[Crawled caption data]

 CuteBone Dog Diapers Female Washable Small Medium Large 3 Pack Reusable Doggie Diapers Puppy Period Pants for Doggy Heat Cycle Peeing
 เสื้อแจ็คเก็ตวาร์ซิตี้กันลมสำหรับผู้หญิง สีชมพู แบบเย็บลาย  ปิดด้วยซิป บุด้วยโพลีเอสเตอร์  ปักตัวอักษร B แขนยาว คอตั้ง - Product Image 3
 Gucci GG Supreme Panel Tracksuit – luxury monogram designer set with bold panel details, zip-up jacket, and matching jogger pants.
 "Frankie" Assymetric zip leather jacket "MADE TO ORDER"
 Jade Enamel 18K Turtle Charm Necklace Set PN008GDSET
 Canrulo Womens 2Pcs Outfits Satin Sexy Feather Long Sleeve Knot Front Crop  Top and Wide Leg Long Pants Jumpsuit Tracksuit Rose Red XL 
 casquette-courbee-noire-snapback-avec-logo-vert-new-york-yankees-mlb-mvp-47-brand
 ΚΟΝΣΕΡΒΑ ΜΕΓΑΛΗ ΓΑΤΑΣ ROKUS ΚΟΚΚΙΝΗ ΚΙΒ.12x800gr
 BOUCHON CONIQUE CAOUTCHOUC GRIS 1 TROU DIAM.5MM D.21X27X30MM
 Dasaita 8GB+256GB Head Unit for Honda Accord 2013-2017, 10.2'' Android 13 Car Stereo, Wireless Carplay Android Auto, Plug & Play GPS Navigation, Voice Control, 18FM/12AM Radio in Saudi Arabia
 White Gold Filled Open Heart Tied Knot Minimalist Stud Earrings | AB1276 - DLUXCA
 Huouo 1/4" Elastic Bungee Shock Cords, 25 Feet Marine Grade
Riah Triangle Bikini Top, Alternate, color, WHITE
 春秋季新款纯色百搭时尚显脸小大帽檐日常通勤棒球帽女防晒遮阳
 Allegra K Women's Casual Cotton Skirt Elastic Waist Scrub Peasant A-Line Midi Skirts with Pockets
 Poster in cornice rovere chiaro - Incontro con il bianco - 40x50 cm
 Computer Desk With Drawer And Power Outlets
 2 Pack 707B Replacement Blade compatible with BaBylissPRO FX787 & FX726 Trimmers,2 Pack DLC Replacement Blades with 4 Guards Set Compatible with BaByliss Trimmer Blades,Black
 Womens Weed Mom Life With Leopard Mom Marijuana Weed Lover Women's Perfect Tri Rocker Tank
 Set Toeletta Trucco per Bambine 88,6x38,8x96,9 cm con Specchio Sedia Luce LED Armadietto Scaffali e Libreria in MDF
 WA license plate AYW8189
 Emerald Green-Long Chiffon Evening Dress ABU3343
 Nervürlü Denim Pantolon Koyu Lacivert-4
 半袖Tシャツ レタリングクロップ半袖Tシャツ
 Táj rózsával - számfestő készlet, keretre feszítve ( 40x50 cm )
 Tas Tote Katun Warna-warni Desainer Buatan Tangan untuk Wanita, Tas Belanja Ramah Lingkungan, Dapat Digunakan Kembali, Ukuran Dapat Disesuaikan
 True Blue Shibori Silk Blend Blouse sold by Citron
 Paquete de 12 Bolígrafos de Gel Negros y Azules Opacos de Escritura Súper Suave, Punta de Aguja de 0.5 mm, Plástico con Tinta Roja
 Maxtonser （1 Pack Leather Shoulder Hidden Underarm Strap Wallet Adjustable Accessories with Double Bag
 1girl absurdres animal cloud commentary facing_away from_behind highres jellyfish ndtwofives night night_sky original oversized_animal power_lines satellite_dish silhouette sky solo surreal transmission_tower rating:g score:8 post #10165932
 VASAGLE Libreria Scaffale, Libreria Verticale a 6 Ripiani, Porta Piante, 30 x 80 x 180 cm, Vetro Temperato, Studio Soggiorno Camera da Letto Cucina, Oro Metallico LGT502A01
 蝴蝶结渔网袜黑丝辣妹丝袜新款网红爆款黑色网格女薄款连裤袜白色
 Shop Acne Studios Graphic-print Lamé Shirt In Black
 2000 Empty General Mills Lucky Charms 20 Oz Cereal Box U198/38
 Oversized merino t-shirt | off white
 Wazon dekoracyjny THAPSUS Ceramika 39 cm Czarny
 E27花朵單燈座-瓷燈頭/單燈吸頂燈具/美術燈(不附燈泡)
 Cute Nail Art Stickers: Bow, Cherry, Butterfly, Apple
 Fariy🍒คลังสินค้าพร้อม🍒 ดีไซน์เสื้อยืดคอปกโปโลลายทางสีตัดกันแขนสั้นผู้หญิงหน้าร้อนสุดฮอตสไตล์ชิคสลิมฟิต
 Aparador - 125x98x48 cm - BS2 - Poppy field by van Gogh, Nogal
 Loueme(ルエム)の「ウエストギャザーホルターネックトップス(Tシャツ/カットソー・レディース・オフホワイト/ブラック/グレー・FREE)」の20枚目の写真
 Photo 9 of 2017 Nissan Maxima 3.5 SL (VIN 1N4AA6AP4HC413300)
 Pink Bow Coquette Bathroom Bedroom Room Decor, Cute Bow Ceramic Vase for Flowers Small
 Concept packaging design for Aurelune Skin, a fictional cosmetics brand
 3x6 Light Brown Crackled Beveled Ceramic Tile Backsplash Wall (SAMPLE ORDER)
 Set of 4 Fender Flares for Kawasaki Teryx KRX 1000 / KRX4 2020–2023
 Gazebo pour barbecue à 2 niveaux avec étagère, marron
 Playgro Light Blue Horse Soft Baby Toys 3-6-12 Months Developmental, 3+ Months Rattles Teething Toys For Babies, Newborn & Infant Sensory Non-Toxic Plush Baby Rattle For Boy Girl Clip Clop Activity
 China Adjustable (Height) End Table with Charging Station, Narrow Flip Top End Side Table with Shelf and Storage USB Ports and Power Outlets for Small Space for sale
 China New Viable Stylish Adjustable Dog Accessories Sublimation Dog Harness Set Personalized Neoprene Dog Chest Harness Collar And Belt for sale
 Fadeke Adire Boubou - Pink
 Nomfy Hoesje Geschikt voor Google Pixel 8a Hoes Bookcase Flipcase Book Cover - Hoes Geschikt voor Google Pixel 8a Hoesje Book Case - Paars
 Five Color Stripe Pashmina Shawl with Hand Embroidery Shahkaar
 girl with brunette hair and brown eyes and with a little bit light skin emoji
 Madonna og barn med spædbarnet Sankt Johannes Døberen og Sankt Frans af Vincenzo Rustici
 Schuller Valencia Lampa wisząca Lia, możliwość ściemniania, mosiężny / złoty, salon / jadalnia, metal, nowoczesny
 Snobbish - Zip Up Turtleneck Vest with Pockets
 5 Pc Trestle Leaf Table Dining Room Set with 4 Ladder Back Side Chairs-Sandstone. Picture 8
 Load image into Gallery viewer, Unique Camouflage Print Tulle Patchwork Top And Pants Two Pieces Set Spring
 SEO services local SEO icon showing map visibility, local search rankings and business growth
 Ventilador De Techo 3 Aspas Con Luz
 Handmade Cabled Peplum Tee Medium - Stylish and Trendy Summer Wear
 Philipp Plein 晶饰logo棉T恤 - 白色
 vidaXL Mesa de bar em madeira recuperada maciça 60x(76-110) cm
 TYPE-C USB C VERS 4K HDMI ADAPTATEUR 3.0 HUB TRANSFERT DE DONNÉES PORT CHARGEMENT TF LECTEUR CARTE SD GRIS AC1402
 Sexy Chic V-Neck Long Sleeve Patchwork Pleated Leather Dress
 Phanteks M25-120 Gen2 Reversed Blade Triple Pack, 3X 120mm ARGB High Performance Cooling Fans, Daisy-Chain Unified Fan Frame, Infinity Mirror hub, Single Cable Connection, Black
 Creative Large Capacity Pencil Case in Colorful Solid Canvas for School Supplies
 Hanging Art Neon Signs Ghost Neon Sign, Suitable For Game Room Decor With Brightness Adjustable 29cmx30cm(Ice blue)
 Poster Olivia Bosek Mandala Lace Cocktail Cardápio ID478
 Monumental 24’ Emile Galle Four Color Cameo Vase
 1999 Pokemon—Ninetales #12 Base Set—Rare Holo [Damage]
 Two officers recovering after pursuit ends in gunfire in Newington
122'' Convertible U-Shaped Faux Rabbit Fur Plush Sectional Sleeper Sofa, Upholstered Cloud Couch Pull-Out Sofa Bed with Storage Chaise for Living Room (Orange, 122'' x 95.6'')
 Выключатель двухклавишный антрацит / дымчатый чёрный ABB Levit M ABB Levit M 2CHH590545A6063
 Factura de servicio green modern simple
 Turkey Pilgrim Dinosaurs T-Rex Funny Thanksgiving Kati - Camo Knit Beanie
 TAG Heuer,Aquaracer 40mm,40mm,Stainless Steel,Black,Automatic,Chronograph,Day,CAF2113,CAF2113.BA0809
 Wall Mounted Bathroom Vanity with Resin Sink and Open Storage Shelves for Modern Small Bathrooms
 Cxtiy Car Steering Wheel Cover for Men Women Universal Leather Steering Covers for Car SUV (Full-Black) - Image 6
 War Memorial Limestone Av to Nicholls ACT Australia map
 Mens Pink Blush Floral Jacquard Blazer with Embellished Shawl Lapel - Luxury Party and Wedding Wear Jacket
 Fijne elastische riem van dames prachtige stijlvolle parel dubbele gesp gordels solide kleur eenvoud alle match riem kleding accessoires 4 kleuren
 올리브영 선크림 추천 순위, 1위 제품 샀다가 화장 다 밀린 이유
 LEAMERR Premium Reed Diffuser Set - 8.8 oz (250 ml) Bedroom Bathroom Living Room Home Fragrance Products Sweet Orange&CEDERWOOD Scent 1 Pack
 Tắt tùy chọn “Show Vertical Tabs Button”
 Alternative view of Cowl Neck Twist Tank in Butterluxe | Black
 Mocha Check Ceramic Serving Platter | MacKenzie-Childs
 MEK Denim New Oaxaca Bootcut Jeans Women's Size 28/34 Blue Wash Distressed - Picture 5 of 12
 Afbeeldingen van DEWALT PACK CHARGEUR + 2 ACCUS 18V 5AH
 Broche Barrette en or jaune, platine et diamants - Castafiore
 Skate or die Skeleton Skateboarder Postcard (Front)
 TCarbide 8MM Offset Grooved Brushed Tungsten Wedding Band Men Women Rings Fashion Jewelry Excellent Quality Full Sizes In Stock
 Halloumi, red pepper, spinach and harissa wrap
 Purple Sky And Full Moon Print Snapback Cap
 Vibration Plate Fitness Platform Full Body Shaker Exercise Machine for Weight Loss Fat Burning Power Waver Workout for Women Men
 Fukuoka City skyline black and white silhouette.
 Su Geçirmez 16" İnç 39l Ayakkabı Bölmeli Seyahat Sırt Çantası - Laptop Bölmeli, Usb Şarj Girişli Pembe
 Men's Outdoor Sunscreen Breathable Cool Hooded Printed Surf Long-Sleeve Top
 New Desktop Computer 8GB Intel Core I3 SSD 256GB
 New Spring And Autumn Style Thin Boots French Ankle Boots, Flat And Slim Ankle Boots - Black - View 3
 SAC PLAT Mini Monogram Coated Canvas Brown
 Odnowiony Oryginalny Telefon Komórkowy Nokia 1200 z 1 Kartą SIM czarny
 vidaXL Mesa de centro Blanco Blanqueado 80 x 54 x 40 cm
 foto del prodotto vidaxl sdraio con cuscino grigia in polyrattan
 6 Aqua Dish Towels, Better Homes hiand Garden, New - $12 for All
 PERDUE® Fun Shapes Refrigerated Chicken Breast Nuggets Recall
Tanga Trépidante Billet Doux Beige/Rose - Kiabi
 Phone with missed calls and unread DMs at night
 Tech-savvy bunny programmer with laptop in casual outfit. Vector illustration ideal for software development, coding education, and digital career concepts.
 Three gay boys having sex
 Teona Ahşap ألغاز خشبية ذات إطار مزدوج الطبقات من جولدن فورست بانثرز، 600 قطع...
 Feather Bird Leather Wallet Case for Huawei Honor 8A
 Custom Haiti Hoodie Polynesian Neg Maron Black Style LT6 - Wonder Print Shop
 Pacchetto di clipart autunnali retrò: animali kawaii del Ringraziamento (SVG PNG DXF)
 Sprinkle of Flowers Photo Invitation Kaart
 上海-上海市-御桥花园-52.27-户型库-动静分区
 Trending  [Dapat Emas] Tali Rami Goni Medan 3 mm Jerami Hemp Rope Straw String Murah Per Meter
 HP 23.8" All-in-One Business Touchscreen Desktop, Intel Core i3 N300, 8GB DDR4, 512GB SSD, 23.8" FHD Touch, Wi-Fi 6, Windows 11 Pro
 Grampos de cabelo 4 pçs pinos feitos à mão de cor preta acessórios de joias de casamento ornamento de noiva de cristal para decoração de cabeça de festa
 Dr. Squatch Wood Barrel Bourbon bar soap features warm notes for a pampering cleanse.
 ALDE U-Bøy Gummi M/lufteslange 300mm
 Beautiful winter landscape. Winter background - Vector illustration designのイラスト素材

HOW TO COMPLETE THIS TASK> From the records above, extract exactly and only the lines that begin at the line with "122'' Convertible U-Shaped" and stop after the line with "Mocha Check Ceramic".

SOLUTION TO THE PROBLEM>
122'' Convertible U-Shaped Faux Rabbit Fur Plush Sectional Sleeper Sofa, Upholstered Cloud Couch Pull-Out Sofa Bed with Storage Chaise for Living Room (Orange, 122'' x 95.6'')
 Выключатель двухклавишный антрацит / дымчатый чёрный ABB Levit M ABB Levit M 2CHH590545A6063
 Factura de servicio green modern simple
 Turkey Pilgrim Dinosaurs T-Rex Funny Thanksgiving Kati - Camo Knit Beanie
 TAG Heuer,Aquaracer 40mm,40mm,Stainless Steel,Black,Automatic,Chronograph,Day,CAF2113,CAF2113.BA0809
 Wall Mounted Bathroom Vanity with Resin Sink and Open Storage Shelves for Modern Small Bathrooms
 Cxtiy Car Steering Wheel Cover for Men Women Universal Leather Steering Covers for Car SUV (Full-Black) - Image 6
 War Memorial Limestone Av to Nicholls ACT Australia map
 Mens Pink Blush Floral Jacquard Blazer with Embellished Shawl Lapel - Luxury Party and Wedding Wear Jacket
 Fijne elastische riem van dames prachtige stijlvolle parel dubbele gesp gordels solide kleur eenvoud alle match riem kleding accessoires 4 kleuren
 올리브영 선크림 추천 순위, 1위 제품 샀다가 화장 다 밀린 이유
 LEAMERR Premium Reed Diffuser Set - 8.8 oz (250 ml) Bedroom Bathroom Living Room Home Fragrance Products Sweet Orange&CEDERWOOD Scent 1 Pack
 Tắt tùy chọn “Show Vertical Tabs Button”
 Alternative view of Cowl Neck Twist Tank in Butterluxe | Black
 Mocha Check Ceramic Serving Platter | MacKenzie-Childs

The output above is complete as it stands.